Input material:
*** Begin section ***

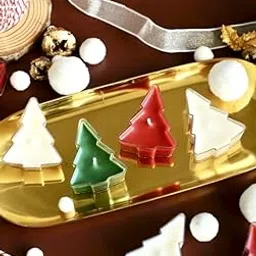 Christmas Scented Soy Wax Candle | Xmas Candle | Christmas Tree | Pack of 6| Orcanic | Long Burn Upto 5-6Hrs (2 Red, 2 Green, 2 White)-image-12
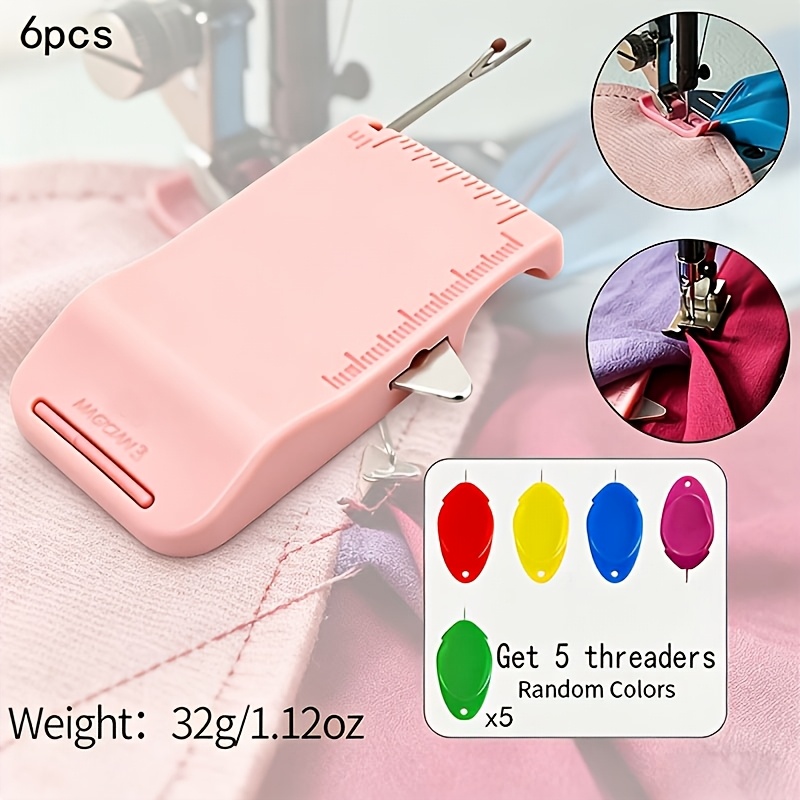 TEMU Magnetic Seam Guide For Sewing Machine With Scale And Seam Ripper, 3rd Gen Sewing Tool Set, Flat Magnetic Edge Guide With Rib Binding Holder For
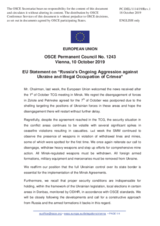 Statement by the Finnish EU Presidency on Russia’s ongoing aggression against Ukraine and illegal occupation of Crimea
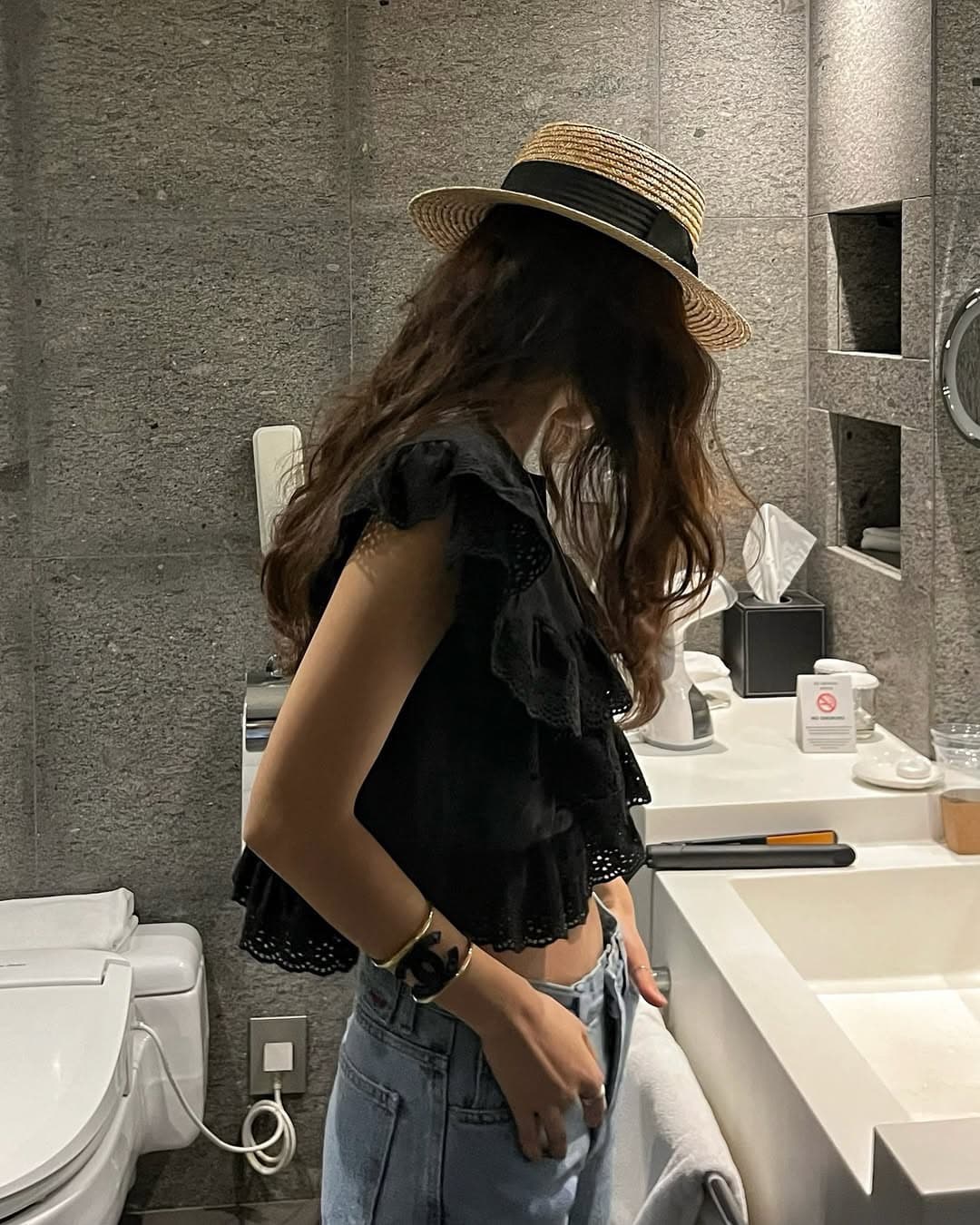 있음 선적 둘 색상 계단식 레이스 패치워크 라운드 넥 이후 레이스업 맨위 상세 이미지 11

*** End section ***
*** Begin section ***

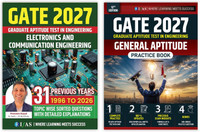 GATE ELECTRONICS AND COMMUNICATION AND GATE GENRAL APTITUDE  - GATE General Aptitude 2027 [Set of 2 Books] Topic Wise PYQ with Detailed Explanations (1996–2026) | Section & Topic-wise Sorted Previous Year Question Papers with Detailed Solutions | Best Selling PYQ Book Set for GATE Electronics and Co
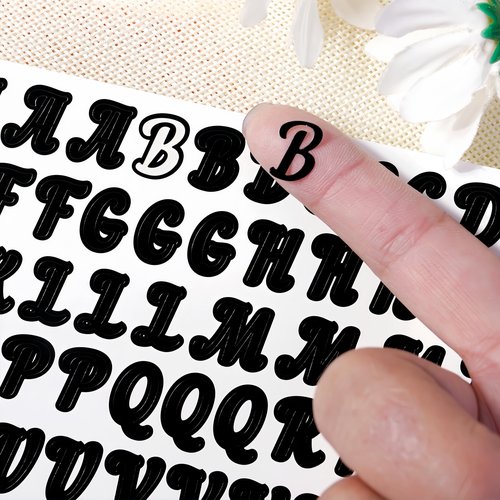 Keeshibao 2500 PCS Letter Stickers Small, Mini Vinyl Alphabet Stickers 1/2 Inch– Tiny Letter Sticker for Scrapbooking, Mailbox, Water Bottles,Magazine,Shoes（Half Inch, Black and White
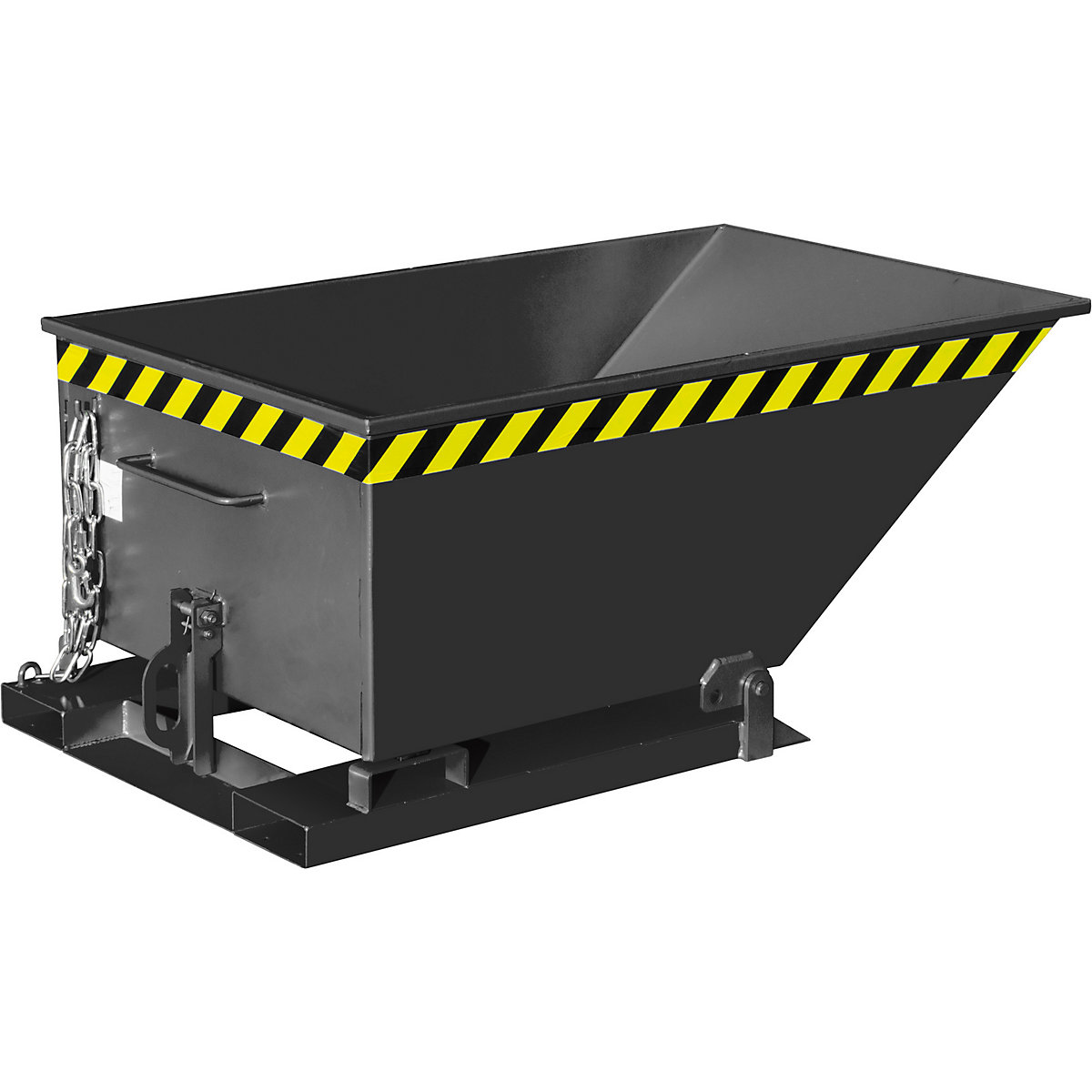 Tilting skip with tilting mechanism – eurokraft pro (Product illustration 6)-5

*** End section ***

Problem description: Output exactly those lines of the data above that run from the line with "Statement by the" up to and including the line with "있음 선적 둘 색상 계단식". No pictures go in.

The answer:
 Statement by the Finnish EU Presidency on Russia’s ongoing aggression against Ukraine and illegal occupation of Crimea
 있음 선적 둘 색상 계단식 레이스 패치워크 라운드 넥 이후 레이스업 맨위 상세 이미지 11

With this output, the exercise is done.